[SOLVED] Proxmox Host hangs at load screen

Technoob9

Member
Aug 10, 2023
49
1
8
So I was using my server a three weeks ago (to update the network settings because I moved) and everything worked great. During this time, I restarted it multiple times and shutdown and cold boot multiple times.

Turned it on today, and it hangs at the Proxmox loading page:
1720569129933.png
I do have a GPU passthrough to a VM and I do have this VM start at boot automatically. So I assume this is the problem. Here is what I tried:

1. In Grub, removed quiet and amd_immou = on . It loads further but hangs here:
1720569610758.png

2. I tried disabling SVM and IMMOU in BIOS, and it hangs at the initial screen shot above.
3. I tried removing the GPU entirely and I still cannot access the server via the web gui. So I assume it does not work still.

Ethernet light is green and seems to be connected OK.

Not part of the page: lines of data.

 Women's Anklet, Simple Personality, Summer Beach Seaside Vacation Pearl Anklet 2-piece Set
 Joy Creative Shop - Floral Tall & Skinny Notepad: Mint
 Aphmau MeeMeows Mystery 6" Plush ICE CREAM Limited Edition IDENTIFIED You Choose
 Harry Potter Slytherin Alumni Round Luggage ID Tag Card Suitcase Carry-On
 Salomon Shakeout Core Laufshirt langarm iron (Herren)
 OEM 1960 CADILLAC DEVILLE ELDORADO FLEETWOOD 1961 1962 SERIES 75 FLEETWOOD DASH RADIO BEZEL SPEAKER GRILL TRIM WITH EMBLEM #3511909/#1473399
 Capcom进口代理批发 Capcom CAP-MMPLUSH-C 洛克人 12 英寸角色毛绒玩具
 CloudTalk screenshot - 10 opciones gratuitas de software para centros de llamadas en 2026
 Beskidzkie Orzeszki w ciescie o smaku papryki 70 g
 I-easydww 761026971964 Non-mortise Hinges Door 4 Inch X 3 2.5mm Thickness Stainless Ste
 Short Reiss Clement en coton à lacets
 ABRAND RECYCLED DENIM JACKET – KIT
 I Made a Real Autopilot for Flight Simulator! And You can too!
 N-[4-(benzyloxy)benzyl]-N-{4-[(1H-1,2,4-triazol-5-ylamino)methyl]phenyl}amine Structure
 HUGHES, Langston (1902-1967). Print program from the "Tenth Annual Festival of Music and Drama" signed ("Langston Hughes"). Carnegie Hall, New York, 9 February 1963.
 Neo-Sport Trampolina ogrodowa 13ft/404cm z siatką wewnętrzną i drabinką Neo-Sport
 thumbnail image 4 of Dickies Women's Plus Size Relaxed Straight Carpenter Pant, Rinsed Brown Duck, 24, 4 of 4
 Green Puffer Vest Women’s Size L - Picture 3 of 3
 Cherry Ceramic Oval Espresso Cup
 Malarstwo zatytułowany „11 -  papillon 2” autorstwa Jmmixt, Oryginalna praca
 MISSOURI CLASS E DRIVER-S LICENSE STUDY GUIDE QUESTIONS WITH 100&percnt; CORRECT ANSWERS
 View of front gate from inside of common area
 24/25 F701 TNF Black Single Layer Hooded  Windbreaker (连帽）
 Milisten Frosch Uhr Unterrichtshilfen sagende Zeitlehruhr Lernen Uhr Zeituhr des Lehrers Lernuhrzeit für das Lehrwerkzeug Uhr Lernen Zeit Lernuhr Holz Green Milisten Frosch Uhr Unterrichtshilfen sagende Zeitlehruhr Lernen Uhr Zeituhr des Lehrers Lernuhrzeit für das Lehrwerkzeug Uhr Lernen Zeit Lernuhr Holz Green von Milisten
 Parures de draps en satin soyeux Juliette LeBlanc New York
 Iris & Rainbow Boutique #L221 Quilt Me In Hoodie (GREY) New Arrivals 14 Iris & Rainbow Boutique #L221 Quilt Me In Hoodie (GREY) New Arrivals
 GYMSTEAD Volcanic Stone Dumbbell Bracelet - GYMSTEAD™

Any advice would be appreciated.

Thanks.
 
Last edited:
I also tried switching the network cable as I read a similar case to mine that said it was a network cord issue. Unfortunately, it didn't resolve anything.
 
3. I tried removing the GPU entirely and I still cannot access the server via the web gui. So I assume it does not work still.

Ethernet light is green and seems to be connected OK.

What is on the screen after it (presumably) boots? Or was it the only GPU? Did you try to Live boot and check logs from the last boot (when you cannot just access the GUI?)
 
What is on the screen after it (presumably) boots? Or was it the only GPU? Did you try to Live boot and check logs from the last boot (when you cannot just access the GUI?)
It goes past the POST screen (AsRock logo) then Proxmox logo to the blue screen where I can select Proxomox, Grub, etc. Then when it tries to boot into Proxmox, I get the above screenshots (when I try what I did above) and nothing happens.

If I do absolutely nothing and pretend to boot my server up cold, I get the very first screenshot in my initial post.
 
It goes past the POST screen (AsRock logo) then Proxmox logo to the blue screen where I can select Proxomox, Grub, etc. Then when it tries to boot into Proxmox, I get the above screenshots (when I try what I did above) and nothing happens.

If I do absolutely nothing and pretend to boot my server up cold, I get the very first screenshot in my initial post.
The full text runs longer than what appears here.